It is also quite trivial to add recognition of pre-existing runs to the initialization for a Linked List based merge sort, unlike for indexed List sorts.
I don't say that Roc should use Linked List sorts, just that the current state of Roc doesn't really support anything better...
In my testing (might be an m1 mac memory thing), the merge sort I wrote above is approximately the same speed as your linked list merge sort (which is pretty sad cause it should be faster, though this merge sort version does allocate for all intermediate lists). Naive merge sort is actually a pretty bad algorithm for sorting contiguous arrays, even the inplace version.
That said, I would still recommend it over using a linked list sort. Cause the linked list will hurt with everything else you do even if it does sort faster.
We probably should pull our sorting algorithm out of zig for now in order to get reasonable performance. That or if someone has time and is willing to contribute, we need to generate element swapping functions and pass them into zig.
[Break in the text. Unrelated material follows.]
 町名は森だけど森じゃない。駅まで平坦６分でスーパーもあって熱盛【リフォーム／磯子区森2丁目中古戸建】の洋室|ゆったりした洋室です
That hopefully would inline and optimize happily. It would at a minimum be much better than memcpy for swapping elements.
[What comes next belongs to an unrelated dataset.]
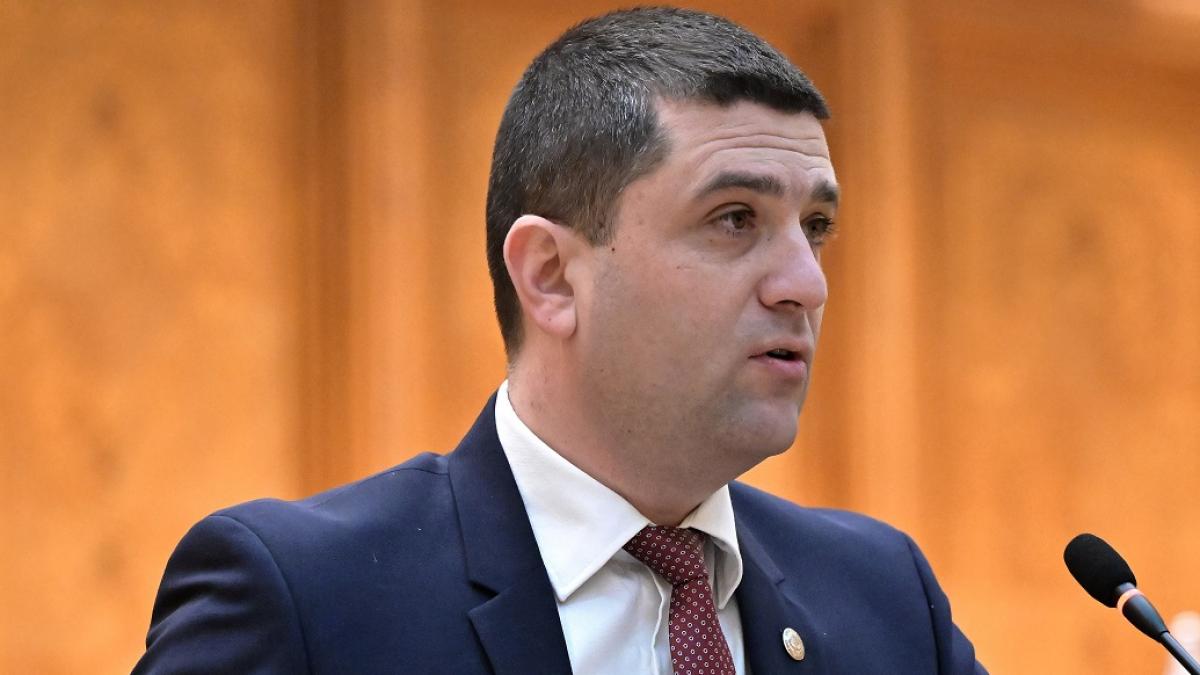 miruta despre directorul care si a taiat 8 000 de euro din salariu nu s a nascut nimeni cu salariile astea sa ia si altii exemplu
But yeah, overall, the horrible performance here is definitely a major roc bug.
Brendan Hansknecht said:
the horrible performance here is definitely a major roc bug.
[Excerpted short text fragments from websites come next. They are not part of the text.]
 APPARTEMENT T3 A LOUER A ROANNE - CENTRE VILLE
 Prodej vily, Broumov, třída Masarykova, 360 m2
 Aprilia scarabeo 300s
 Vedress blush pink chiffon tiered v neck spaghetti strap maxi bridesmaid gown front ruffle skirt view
That's exactly the point I was trying to make; but also that the current implementation of sorting in Zig isn't very good either as you say...
Brendan Hansknecht said:
Naive merge sort is actually a pretty bad algorithm for sorting contiguous arrays, even the in-place version.
Ah, I think that by "naive", you mean top-down and intermediate allocating as per your implemented - yes, that kind of "naive" is pretty bad although simpler; you notice that I prefer bottom-up for partly in-place sorting for my implementation although it does still need to alternate between two arrays with the final destination the resulting one. I think your poorer results for the Linked List version are indeed due to slower memory allocation on macOS where I was running on Linux, as I often see this difference
It's funny you should say that considering that most common sorting implementations in most languages are just variations of array merge sorting, which includes Timsort, the new Powersort that Python currently uses, etc.; if one wants a reasonable performance general-purpose stable sort with good general performance where worst case is about the same as average performance for random data, these seem to be state-of-the-art; if one is willing to give up stable sorting or having extreme worst case performance, there are some exotic sorting algorithms that can deliver for some special cases...
GordonBGood said:
you notice that I prefer bottom-up for partly in-place sorting for my implementation although it does still need to alternate between two arrays with the final destination the resulting one
Just to finish this up, now that there is a TESTING branch of nightlies that has fixed the in-place mutation so it is now very fast, indexed List/array merge sorting works about as fast as in any of the fastest languages, as per the following code, which does a bottom-up merge sort:
app [main] { pf: platform "https://github.com/roc-lang/basic-cli/releases/download/0.10.0/vNe6s9hWzoTZtFmNkvEICPErI9ptji_ySjicO6CkucY.tar.br" }
import pf.Stdout
import pf.Task
import pf.Utc exposing [ now, deltaAsMillis ]
cLIMIT : U64
cLIMIT = 1_000_000
RandSeed : (U64, U64)
initRandSeed : RandSeed
initRandSeed = (0x69B4C98CB8530805u64, 0xFED1DD3004688D68u64)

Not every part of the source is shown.